| Work instruction |
From the data below, return only the lines from the one with "Goyard Bolsas Saigon" through the one with "Used 2024 RAM 2500 Laramie AWD/4WD image 9", exact and inclusive, with pictures left out.

| Records provided |
━━━━━━━━━━━━━━━━━━━━

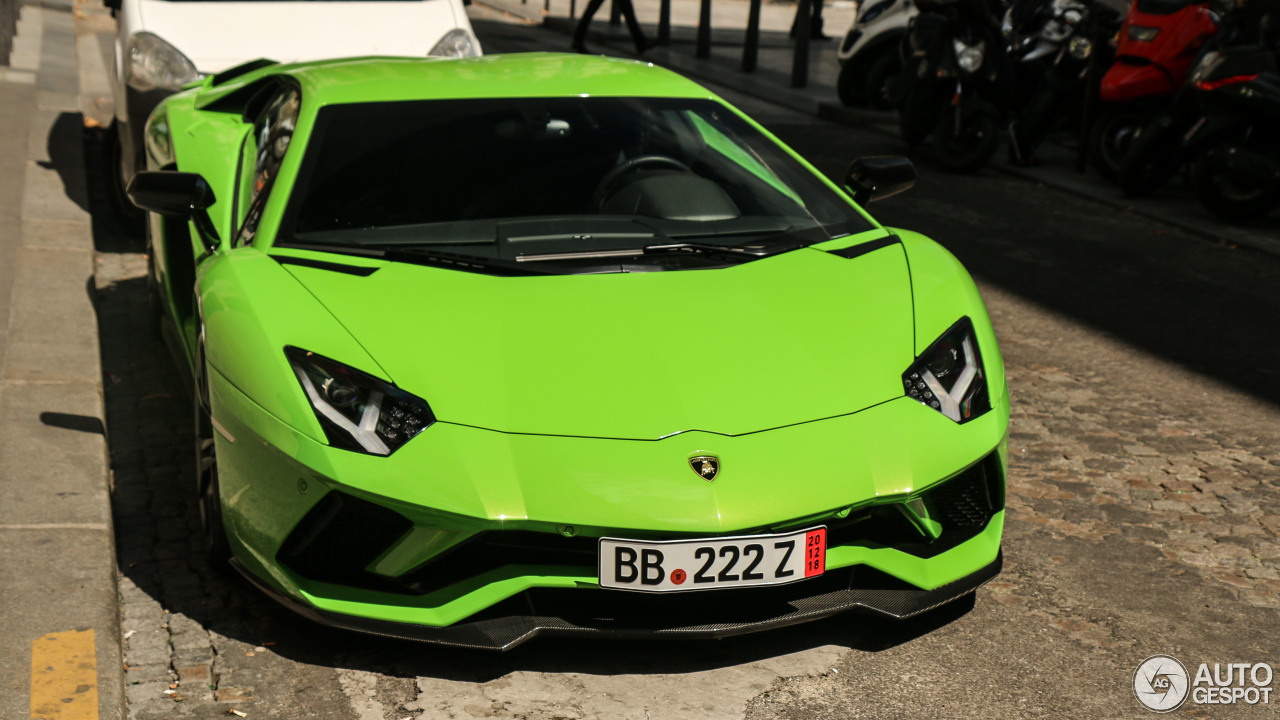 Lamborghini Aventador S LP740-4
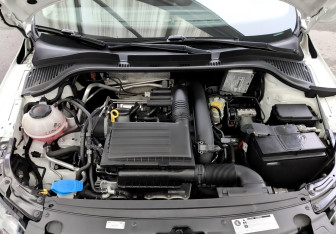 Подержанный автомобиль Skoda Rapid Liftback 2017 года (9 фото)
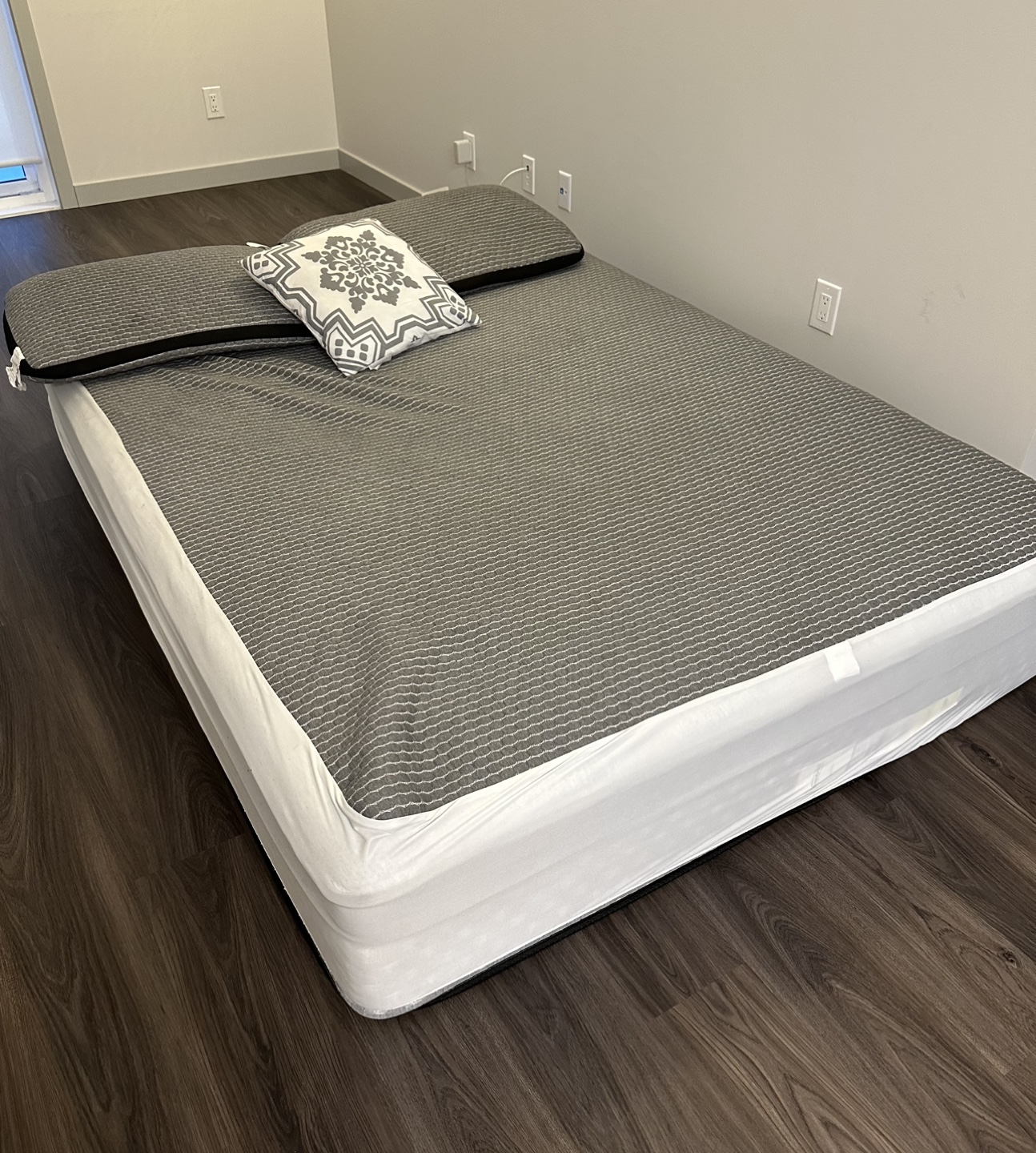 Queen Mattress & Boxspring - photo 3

━━━━━━━━━━━━━━━━━━━━

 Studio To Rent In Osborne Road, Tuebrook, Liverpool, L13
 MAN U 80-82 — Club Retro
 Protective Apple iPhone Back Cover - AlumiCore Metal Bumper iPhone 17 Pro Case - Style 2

━━━━━━━━━━━━━━━━━━━━

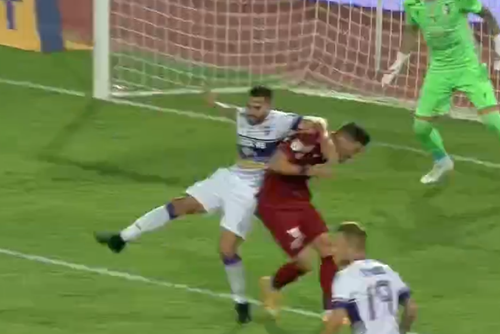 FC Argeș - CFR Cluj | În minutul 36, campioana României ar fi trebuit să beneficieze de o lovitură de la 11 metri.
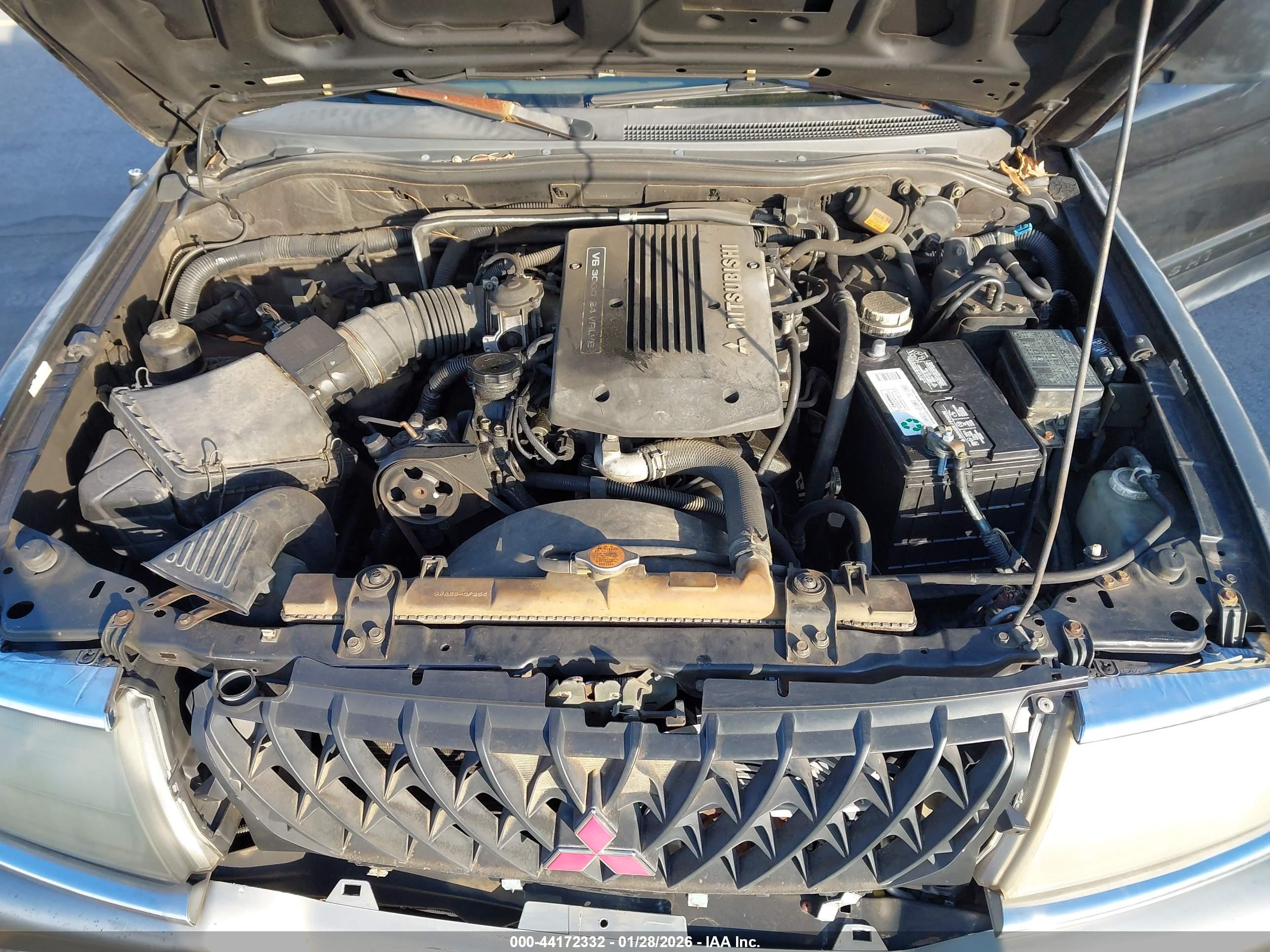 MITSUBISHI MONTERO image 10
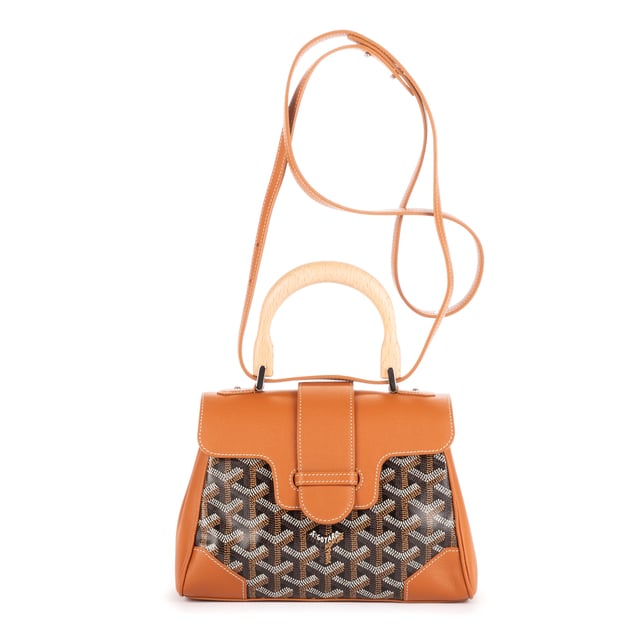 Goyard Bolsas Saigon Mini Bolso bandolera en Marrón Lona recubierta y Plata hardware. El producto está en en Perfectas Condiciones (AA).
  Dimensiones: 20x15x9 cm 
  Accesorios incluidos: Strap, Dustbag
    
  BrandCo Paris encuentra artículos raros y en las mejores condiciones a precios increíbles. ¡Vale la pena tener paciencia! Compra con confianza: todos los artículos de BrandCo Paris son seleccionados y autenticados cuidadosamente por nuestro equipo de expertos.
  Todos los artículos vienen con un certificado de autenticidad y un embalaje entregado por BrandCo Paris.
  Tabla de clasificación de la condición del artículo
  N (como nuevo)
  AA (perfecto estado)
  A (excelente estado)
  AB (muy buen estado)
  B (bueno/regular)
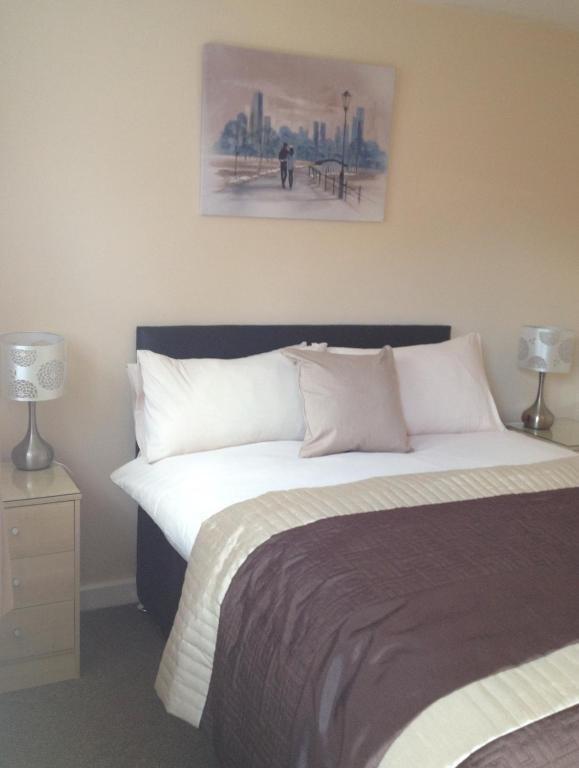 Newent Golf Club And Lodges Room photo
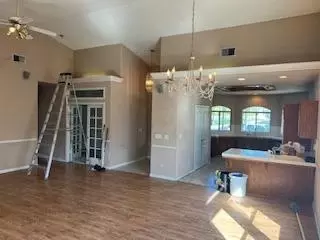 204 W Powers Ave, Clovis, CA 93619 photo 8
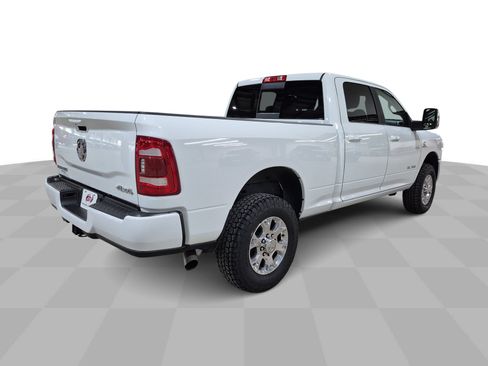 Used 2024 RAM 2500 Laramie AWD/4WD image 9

━━━━━━━━━━━━━━━━━━━━

| Expected output |
 Goyard Bolsas Saigon Mini Bolso bandolera en Marrón Lona recubierta y Plata hardware. El producto está en en Perfectas Condiciones (AA).
  Dimensiones: 20x15x9 cm 
  Accesorios incluidos: Strap, Dustbag
    
  BrandCo Paris encuentra artículos raros y en las mejores condiciones a precios increíbles. ¡Vale la pena tener paciencia! Compra con confianza: todos los artículos de BrandCo Paris son seleccionados y autenticados cuidadosamente por nuestro equipo de expertos.
  Todos los artículos vienen con un certificado de autenticidad y un embalaje entregado por BrandCo Paris.
  Tabla de clasificación de la condición del artículo
  N (como nuevo)
  AA (perfecto estado)
  A (excelente estado)
  AB (muy buen estado)
  B (bueno/regular)
 Newent Golf Club And Lodges Room photo
 204 W Powers Ave, Clovis, CA 93619 photo 8
 Used 2024 RAM 2500 Laramie AWD/4WD image 9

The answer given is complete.